Ortho Home Defense features a range of 20 feet, allowing you to hit doorways, eaves, and windows with ease while standing out of harm’s way.
In addition to getting rid of wasps, this spray will also take out yellow jackets, mud daubers, and hornets. It’s safe for use outdoors and indoors in attics and other non-living areas. It comes in 16-ounce cans.
When you have pets and kids, using pesticides can make you nervous. As much as you need to rid yourself of that growing wasp’s nest under the front porch, conventional pesticides can be a health hazard. EcoSMART’s wasp and hornet killer solves your wasp problem without endangering your family’s health. It’s also easier on the environment. This insecticide is 100 percent organic, using plant oils instead of neurotoxins to affect insects’ nervous systems, killing them. These oils affect only insects, so they are safe for humans, pets, and wildlife. In addition to killing wasps, this product will also eliminate hornets, yellow jackets, and other flying insects.
There are some trade-offs to consider. EcoSmart costs twice as much as or more than standard spray pesticides. It also has a shorter range of 18 feet.
FAQs About Wasp Spray
If you’re wondering how you should use wasp spray, how these products kill insects, or whether they’re harmful to humans, read on for answers.
Q. How do you use wasp spray?
Use the following steps to put an end to the wasps invading your home:
- Wait until sunset. While this may sound dramatic, it’s actually strategic. These insects are least active at dusk, meaning most of the wasp population will be in the hive, maximizing your ability to eliminate all of its inhabitants.
- Stand safely away from the nest. Wasp sprays are designed with ranges of 15 to 27 feet for a reason. When you spray the hive, the wasps will attempt to counterattack. The farther you are from the hive, the safer for you. It’s also important not to stand under the nest, as the spray will run off of it and fall to the ground along with any six-legged casualties.
- Soak the nest. Don’t be stingy with the spray. Dousing the nest will ensure that you kill all the wasps, preventing them from coming after you. A nest soaked with pesticide will also take care of any inhabitants that return to the hive later.
- Wait 24 hours. Even if you plan your attack at sunset, it’s unlikely every wasp will be at home. Wait 24 hours before removing the nest to allow the pesticide to kill any wasps returning to the hive.
- Dispose of the nest. Remember that most pesticides are hazardous to humans and pets. Wear gloves and a mask when removing the wasp nest.

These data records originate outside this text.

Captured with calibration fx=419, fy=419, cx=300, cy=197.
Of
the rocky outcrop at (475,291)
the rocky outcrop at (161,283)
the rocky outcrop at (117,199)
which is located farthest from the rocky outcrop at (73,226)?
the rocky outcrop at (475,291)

Make sure to put the nest in an enclosed garbage can to prevent pets and children from coming into contact with it.
Q. What does wasp spray do to a wasp?
Wasp sprays use chemicals known as pyrethroids and pyrethrins, both of which cause catastrophic damage to the wasp’s nervous system on contact, paralyzing them and then killing them. This is why a wasp will drop out of the air instantly after being sprayed.

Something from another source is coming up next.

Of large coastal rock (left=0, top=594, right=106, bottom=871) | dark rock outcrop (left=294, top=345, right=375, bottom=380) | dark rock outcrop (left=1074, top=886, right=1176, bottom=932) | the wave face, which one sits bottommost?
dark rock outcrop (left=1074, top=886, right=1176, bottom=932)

Q. Is wasp spray dangerous to humans?
Wasp spray is dangerous to humans. The National Pesticide Information Center warns that brief direct exposure can cause symptoms that include difficulty breathing, headaches, dizziness, nausea, vomiting, abdominal pain, itching, or burning. Always use caution to avoid skin or eye contact, do not breathe it in, and do not ingest wasp spray. But if an accident happens, contact a Poison Control Center. Should symptoms be concerning, seek emergency medical help immediately.